Short web captions:
◆ ◆ ◆ ◆
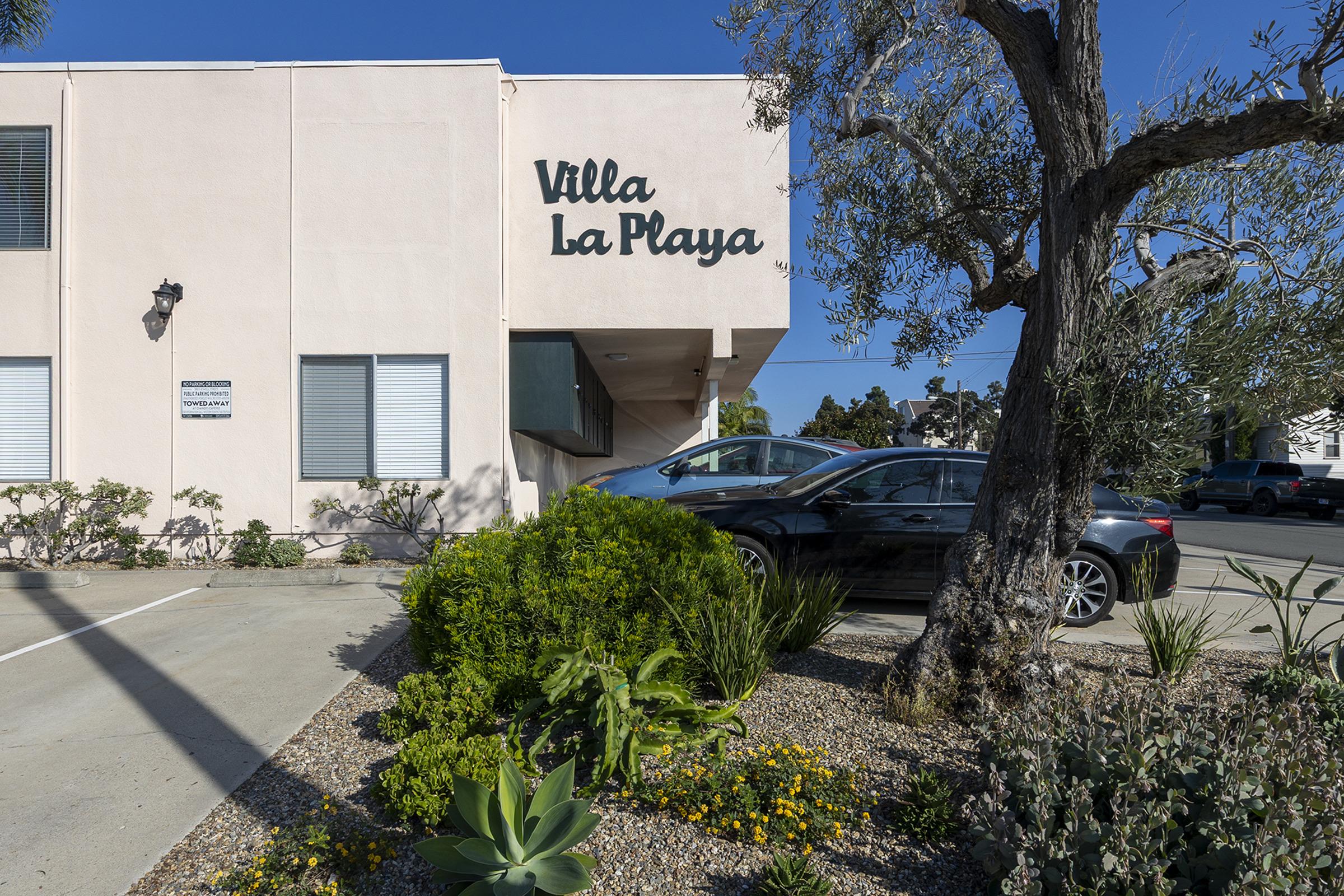 Exterior view of a building with the sign "Villa La Playa." The building features a light pink facade, parked cars in front, and landscaped greenery including various plants and shrubs. A tree is visible to the right, adding to the scenic atmosphere on a clear, sunny day.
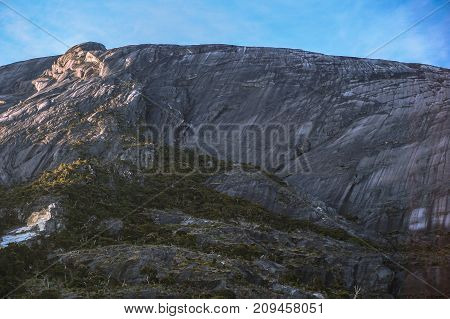 Peaks of the majestic Mountain Kinabalu & forest with blue sky in Mountain Kinabalu,Sabah,Malaysia.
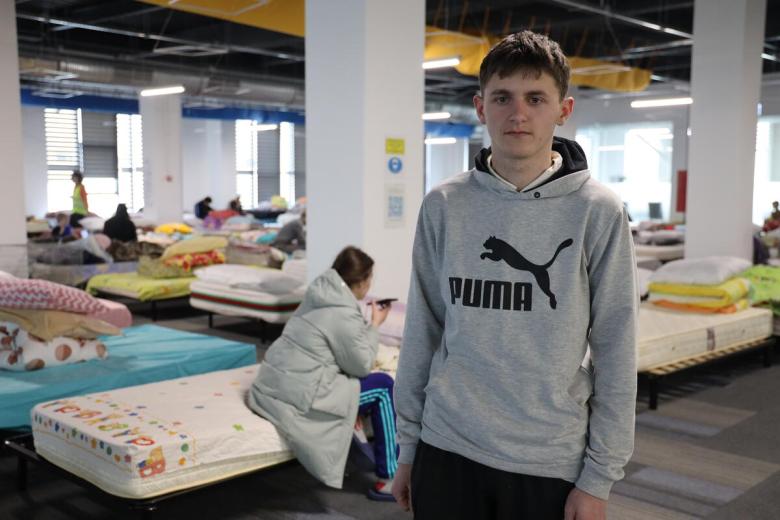 Oleksandr stands in a refugee center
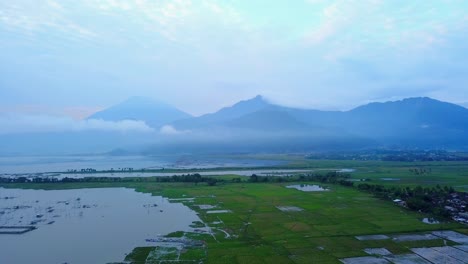 Tiro-De-Drone-De-Campo-De-Arroz-Y-Lago-Con-Cordillera-En-El-Fondo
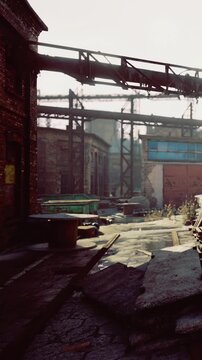 The scene shows an empty industrial area with old buildings and rusting machinery. Sunlight shines on the ground and highlights the worn structures. Overgrown plants add to the setting.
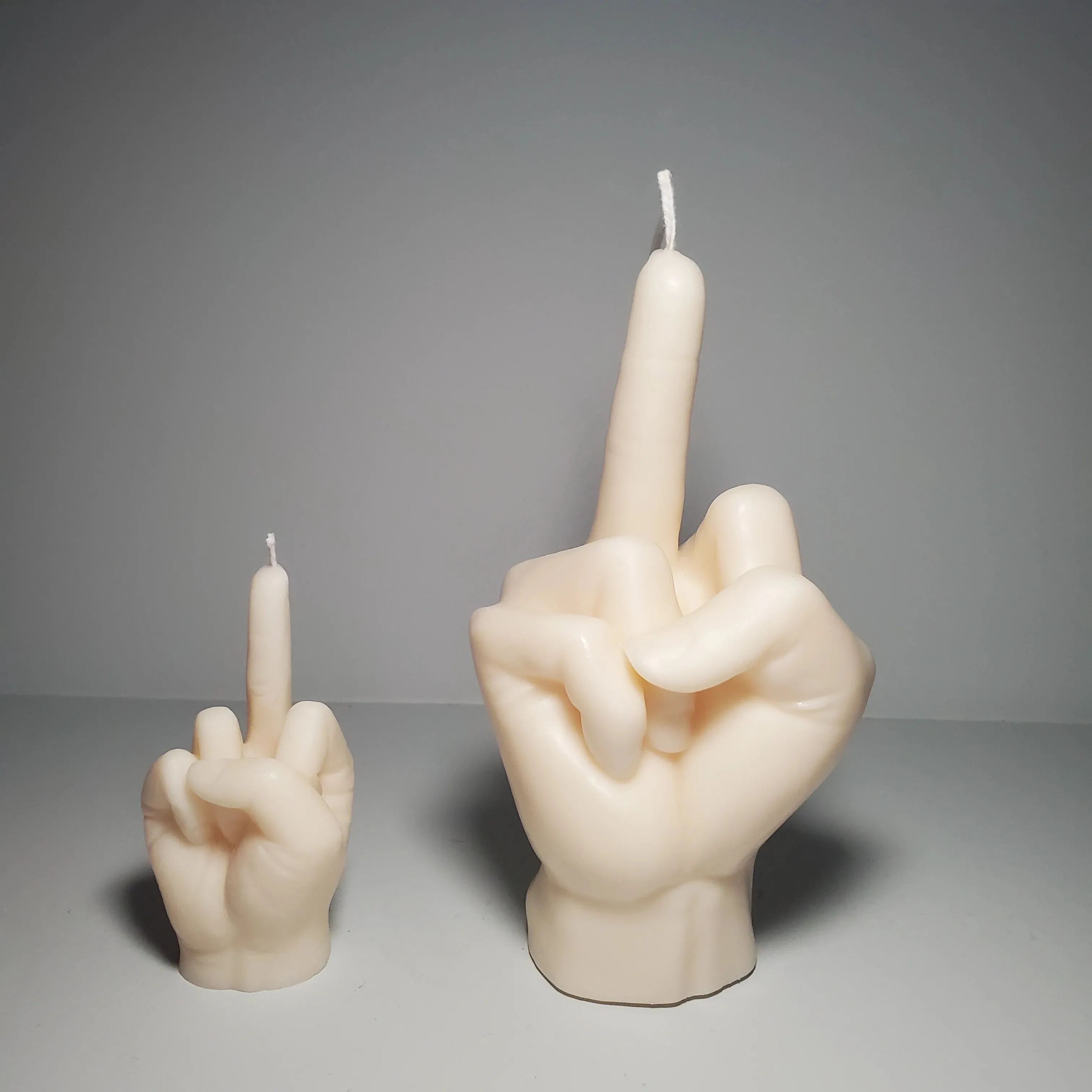 Middle Finger Candle  FLIP OFF sign wax art, protest, defiance, expression, humor, statement, controversy, bold, irreverent, dissent, unconventional art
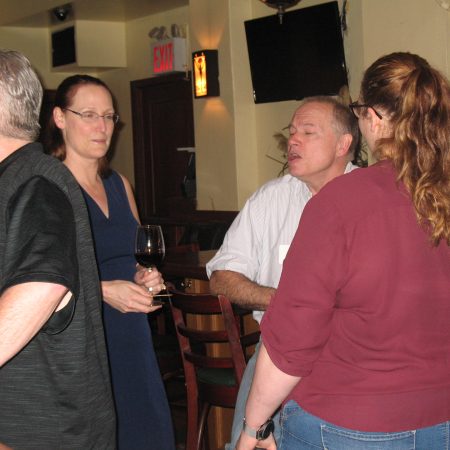 a group of people standing around each other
◆ ◆ ◆ ◆
_Work request_. Reproduce the span beginning at the line with "Middle Finger Candle" and ending at the last line of the entries above, inclusive, exactly as it stands. Exclude the pictures.

_Answer to the exercise_.
 Middle Finger Candle  FLIP OFF sign wax art, protest, defiance, expression, humor, statement, controversy, bold, irreverent, dissent, unconventional art
 a group of people standing around each other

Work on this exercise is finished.